Historical (1960–1998) daily minimum temperatures from 13 states and 50 weather stations with frost occurrence (T < 2 °C) (Fig. 1) were analyzed during EN and N events. The data were obtained from ERIC II (Extractor Rápido de Información Climática) provided by the Instituto Mexicano de Tecnología del Agua (IMTA, 2002). The data were placed in an Excel file to run it in the program SICA2.5 by Medina et al. (2003). The program SICA2.5 uses the methodologies of Ortiz (1987) which chronologically orders and codifies the first and last frosts; the program also uses the methodologies of Thom (1966) and Villalpando (1985), which process different percentages of frost probabilities.
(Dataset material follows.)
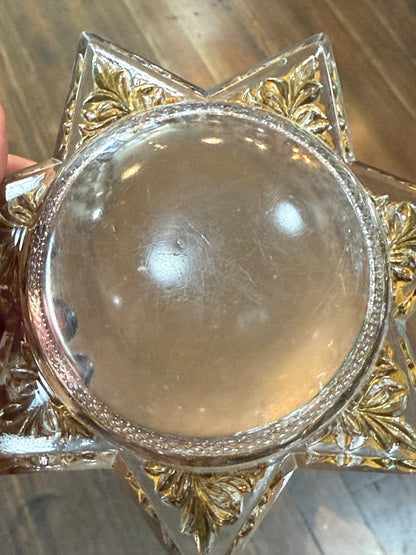 Victorian Mourning Star Goofus Glass - Loved To Death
Because SICA assumes data possess a normal distribution, we applied the goodness–of–fit test of Kolmogorov–Smirnov (Barrow and Hulme, 1996) to prove that early and late frosts had a normal distribution, as was the case. The results given are dates of frost occurrence by using the Z–value, which includes the average and standard deviations of the series of years under study.

Prior to creating the daily databases, individual station data time series were evaluated for potential irregularities through time; weather stations with 30% or more of missing daily data were eliminated. In addition, stations with gaps of three or more years in between series were also discarded as were stations with clearly erroneous temperature values. Also, several stations were eliminated because they had no frost data due to their proximity to the ocean at lower altitudes on the windward side of the mountains, or because there were located in wet subtropical regions. In the end, we were left with 50 stations located throughout central México (Fig. 1). Then for each station and for each year, the first and the last frosts and the frost–free period (FFP) (i.e. the number of consecutive days from the day of the last frost with minimum air temperature equal or minor to 2 °C) were identified. In order to facilitate dealing with dates (days and months), we worked with Julian days, which makes it easy to determine the number of days between two dates (just subtract one Julian day number from the other). In order to know if the dates of early and late frosts during EN and N years were statistically different, a t–Student test analysis was performed.

The presence of low temperatures in a given place obeys many factors, the most important of which is altitude. Since the study site shows a very irregular topography producing high altitude gradients among weather stations, these stations were grouped into 300 m high ranges. These ranges were established because the resultant thermal gradient (temperature variation with altitude) shows good sensitivity for temperature variation (1.8 °C/300 m). Following the previous procedure, five regions were defined (Table I). There were no weather stations with elevations between the 1176–1476 m range belonging to region II. Even though region I has only two stations, we decided to leave it in the study. We did this so we could compare in further studies their frost behavior along with another stations located in different regions and whose altitude range is the same.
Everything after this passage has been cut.